Spotify comenzará a identificar desde mediados de septiembre de 2026 algunos perfiles de artistas cuya identidad pública haya sido creada con inteligencia artificial. La plataforma utilizará un distintivo denominado AI Persona para advertir a los oyentes cuando el nombre, la imagen y la representación pública de un artista puedan corresponder a una identidad generada por IA y no a una persona real. La medida fue anunciada por Spotify el 11 de agosto y difundida oficialmente en español el 13 de agosto, como parte de una estrategia más amplia para reforzar la transparencia en el ecosistema musical digital.
El cambio responde a un problema que ha ganado visibilidad con el avance de la inteligencia artificial generativa: la aparición de proyectos musicales capaces de presentarse ante el público como artistas humanos sin que exista necesariamente una persona detrás de esa identidad. Spotify explicó que los responsables de estos proyectos podrán declarar voluntariamente, mediante Spotify for Artists, que su perfil representa una AI Persona. Sin embargo, la compañía no dependerá exclusivamente de esa autodeclaración.
Spotify también revisará perfiles cuya identidad pública —incluidos el nombre y las imágenes utilizadas— parezca representar una persona fotorealista generada artificialmente. El proceso comenzará con artistas que hayan alcanzado determinados umbrales de audiencia, aunque la empresa no reveló cuáles serán esos límites. Si el equipo de revisión aplica la etiqueta, el responsable del perfil será informado y tendrá la posibilidad de autodeclararse como AI Persona o apelar la decisión. En los próximos meses, los usuarios también podrán reportar perfiles sospechosos para que sean examinados.
La medida tendrá consecuencias que van más allá de una advertencia visual. Spotify anunció que, por defecto, las AI Personas no serán incluidas en recomendaciones editoriales ni algorítmicas. Su música podrá aparecer en recomendaciones personalizadas cuando el usuario haya mostrado interés activo en esos proyectos, por ejemplo siguiéndolos. El distintivo aparecerá en el banner y la sección “Acerca de” del perfil, en los resultados de búsqueda y junto a canciones incluidas en playlists.

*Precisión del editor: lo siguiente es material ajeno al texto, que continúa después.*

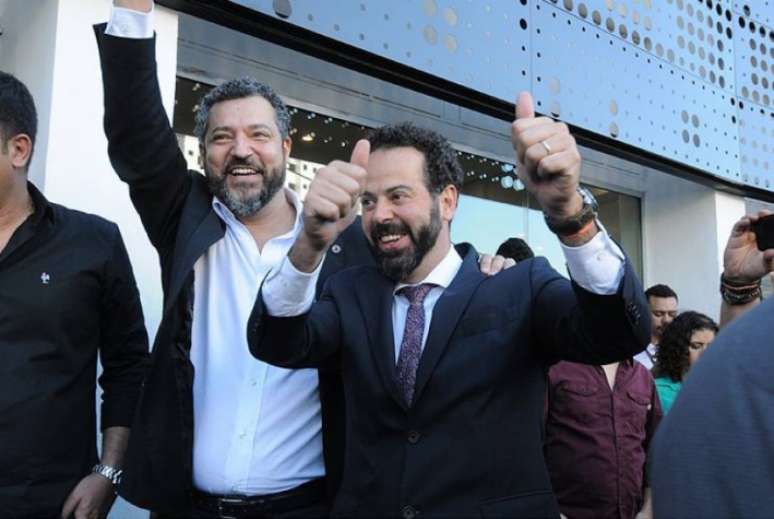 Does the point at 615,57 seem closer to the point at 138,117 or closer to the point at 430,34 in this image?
the point at 430,34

La compañía introduce, sin embargo, una distinción fundamental: la etiqueta AI Persona identifica la naturaleza de la identidad pública del artista, no el modo en que fue creada su música. Un cantante, compositor o productor humano puede emplear herramientas de inteligencia artificial durante el proceso creativo sin convertirse por ello en una AI Persona. Para informar sobre esos usos, Spotify desarrolla mecanismos diferentes, como AI Credits, que permiten declarar intervenciones de IA en voces, letras o producción, y SongDNA, una herramienta destinada a mostrar compositores, productores, colaboradores y otras conexiones creativas de una grabación.
Esta política se integra en una estrategia iniciada antes. En abril de 2026 Spotify presentó Verified by Spotify, un distintivo para perfiles revisados según criterios de autenticidad. Los perfiles que representan principalmente artistas o personas generadas mediante IA no son elegibles para esa verificación. Según la plataforma, cientos de miles de perfiles han sido verificados y el sistema cubre a más del 99 % de los artistas que sus usuarios buscan activamente.
El debate adquirió especial notoriedad en 2025 con The Velvet Sundown, un proyecto presentado inicialmente con la apariencia de una banda de rock. Berklee College of Music documentó en julio de ese año que había superado 1,4 millones de oyentes mensuales en Spotify y que tanto sus integrantes como sus imágenes eran producto de un proyecto desarrollado con apoyo de inteligencia artificial. Actualmente su música continúa disponible en Spotify.
La dimensión del fenómeno tampoco puede considerarse marginal. Deezer, que utiliza su propio sistema de detección y etiquetado, informó en julio de 2026 que las canciones totalmente generadas por IA llegaron a representar, en momentos pico, más del 50 % de las nuevas entregas diarias a su plataforma, alrededor de 90.000 pistas. Es una cifra correspondiente exclusivamente a Deezer y no puede extrapolarse a Spotify, pero ofrece una referencia sobre la velocidad con la que el contenido sintético está ingresando al mercado musical digital.
Con AI Persona, Spotify desplaza parte del debate desde la prohibición hacia la transparencia. La inteligencia artificial no queda excluida como herramienta creativa; lo que la plataforma intenta hacer visible es cuándo la identidad que habla, canta y posa ante el público no corresponde a una persona real. En una industria donde ya es posible fabricar digitalmente una voz, un rostro y una biografía, saber quién —o qué— está detrás de una canción empieza a convertirse en una dimensión esencial de la experiencia cultural.